Recently I was asked to edit an article for the July/August issue of the magazine. The issue is all about Christians in the arts, and this particular article is about Pam Davis and Girls 'n Grace. Girls 'n Grace is, I guess for lack of a better term, a Christian alternative for American Girl. Make no mistake--we adore American Girl at this house. But I personally think there is room for everyone. I interviewed Pam Davis, the found of GnG, by phone, and she is so wonderful.
She designs the dolls and works with a renowned dollmaker to get them made, and then she writes the books about the dolls herself. Currently, there are two: Mesi (pronounce May-cee), an African girl, and Sydney Clair, a girl growing up in the American South in the 1960s, plus a line of dolls called "Just Like Me," which are a range of races, hair color, eye color, etc. However, Pam has plans for GnG dolls from all over the world as well as dolls from the 1950s through the new millennium.
I love the emphasis on the Christian faith and especially the notion of girls growing in grace. What an awesome foundation. This fall, there will be GnG clubs (similar to Girl Scouts) starting in various churches around the country. The troupes will incorporate the doll characters, and they'll be starting with Mesi. So, the girls will be learning about Africa, trying out African recipes, checking out African fashion, and learning about missions opportunities.

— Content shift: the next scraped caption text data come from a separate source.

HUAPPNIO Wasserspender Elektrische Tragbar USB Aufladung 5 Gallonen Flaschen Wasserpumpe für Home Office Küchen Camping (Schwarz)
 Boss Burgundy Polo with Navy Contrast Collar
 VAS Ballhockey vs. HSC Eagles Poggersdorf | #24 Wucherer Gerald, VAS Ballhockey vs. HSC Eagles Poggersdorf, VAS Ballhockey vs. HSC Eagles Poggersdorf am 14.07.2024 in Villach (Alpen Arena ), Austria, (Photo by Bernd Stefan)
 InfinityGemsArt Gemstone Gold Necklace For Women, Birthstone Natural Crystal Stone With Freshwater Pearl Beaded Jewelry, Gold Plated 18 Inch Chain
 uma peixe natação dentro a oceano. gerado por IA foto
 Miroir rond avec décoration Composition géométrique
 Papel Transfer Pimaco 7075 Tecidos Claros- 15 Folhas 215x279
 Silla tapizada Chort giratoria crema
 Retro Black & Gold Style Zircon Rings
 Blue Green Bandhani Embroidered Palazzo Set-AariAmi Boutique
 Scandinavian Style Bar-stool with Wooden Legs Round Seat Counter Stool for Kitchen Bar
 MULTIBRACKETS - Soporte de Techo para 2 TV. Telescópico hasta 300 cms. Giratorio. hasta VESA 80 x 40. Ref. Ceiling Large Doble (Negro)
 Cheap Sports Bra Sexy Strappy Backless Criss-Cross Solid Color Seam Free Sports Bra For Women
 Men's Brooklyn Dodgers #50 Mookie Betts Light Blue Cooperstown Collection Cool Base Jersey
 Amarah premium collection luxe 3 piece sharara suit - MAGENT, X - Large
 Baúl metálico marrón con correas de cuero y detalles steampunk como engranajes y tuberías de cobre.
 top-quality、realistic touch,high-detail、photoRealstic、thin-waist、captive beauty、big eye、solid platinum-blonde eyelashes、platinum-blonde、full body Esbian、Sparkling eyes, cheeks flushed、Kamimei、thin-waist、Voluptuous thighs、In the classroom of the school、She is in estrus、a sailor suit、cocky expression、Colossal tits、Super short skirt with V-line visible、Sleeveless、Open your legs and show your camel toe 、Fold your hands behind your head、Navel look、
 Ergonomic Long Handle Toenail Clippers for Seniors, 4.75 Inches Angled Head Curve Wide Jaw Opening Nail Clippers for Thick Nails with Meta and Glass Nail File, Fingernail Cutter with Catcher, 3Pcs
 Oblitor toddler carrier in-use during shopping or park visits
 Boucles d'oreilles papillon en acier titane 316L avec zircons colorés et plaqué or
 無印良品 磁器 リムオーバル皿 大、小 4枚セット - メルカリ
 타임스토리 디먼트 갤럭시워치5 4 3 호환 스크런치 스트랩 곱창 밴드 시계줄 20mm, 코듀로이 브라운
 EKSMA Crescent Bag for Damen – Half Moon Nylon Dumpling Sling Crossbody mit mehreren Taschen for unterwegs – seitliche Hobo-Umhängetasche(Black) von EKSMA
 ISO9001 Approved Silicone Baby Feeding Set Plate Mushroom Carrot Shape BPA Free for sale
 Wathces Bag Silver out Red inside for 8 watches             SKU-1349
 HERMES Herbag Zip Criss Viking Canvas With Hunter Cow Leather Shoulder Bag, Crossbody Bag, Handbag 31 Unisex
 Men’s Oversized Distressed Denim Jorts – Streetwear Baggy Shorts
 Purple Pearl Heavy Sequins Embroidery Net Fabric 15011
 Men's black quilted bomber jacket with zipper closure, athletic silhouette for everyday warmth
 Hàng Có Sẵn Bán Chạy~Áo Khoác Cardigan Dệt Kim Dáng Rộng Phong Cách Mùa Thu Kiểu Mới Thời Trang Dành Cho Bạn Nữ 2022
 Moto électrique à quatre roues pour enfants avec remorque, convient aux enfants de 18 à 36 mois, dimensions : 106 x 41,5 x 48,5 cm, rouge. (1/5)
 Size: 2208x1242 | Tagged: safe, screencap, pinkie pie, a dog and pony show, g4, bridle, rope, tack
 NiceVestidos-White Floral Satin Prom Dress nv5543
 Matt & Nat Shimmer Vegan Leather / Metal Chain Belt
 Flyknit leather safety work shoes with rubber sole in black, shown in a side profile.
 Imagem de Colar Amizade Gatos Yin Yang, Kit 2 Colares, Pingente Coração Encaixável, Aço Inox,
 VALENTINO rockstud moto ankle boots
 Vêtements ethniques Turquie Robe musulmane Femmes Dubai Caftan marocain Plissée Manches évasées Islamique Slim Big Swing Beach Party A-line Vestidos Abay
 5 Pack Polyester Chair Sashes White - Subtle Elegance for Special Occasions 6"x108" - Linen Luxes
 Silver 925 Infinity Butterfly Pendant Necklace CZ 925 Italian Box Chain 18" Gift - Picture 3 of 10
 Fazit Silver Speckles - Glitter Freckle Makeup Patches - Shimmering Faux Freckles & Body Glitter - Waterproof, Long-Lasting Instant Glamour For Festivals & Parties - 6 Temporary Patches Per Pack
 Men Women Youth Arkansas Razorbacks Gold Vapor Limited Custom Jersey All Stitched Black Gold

Another thing I love about GnG is what is called the "Grace Race." GnG holds tea parties, either in churches or schools, and Pam herself comes to speak at them. They're a great chance for moms and daughters and grandmas to get together. Where the Grace Race comes in is that dolls and books are donated to girls in need--both in the U.S. and worldwide. At each table of the tea parties, there are cards that the girls can write messages on and decorate. A card then goes to the child in need, along with the doll, so that the gift isn't coming from an impersonal corporation, it's coming from another little girl.
I liked Pam, her ideas, and her dolls so much that that is what Lucy is getting for her birthday on Sunday. We chose Sydney Clair for her--1) because Lucy loves both those names, and 2) because the doll comes dressed in yellow, Lucy's favorite color. I've skimmed through the first book that comes with, and I'm excited about reading it with her. Oh, and each doll comes with a secret code--kind of like Webkinz--that you can use online to enter a whole GnG world of games, etc. Cool, huh? You can check it all out here.
My other recommendation is from American Girl itself (herself?!), and that is the latest AG movie, which was made for and by HBO (now available on DVD). It's called "An American Girl: Chrissa Stands Strong."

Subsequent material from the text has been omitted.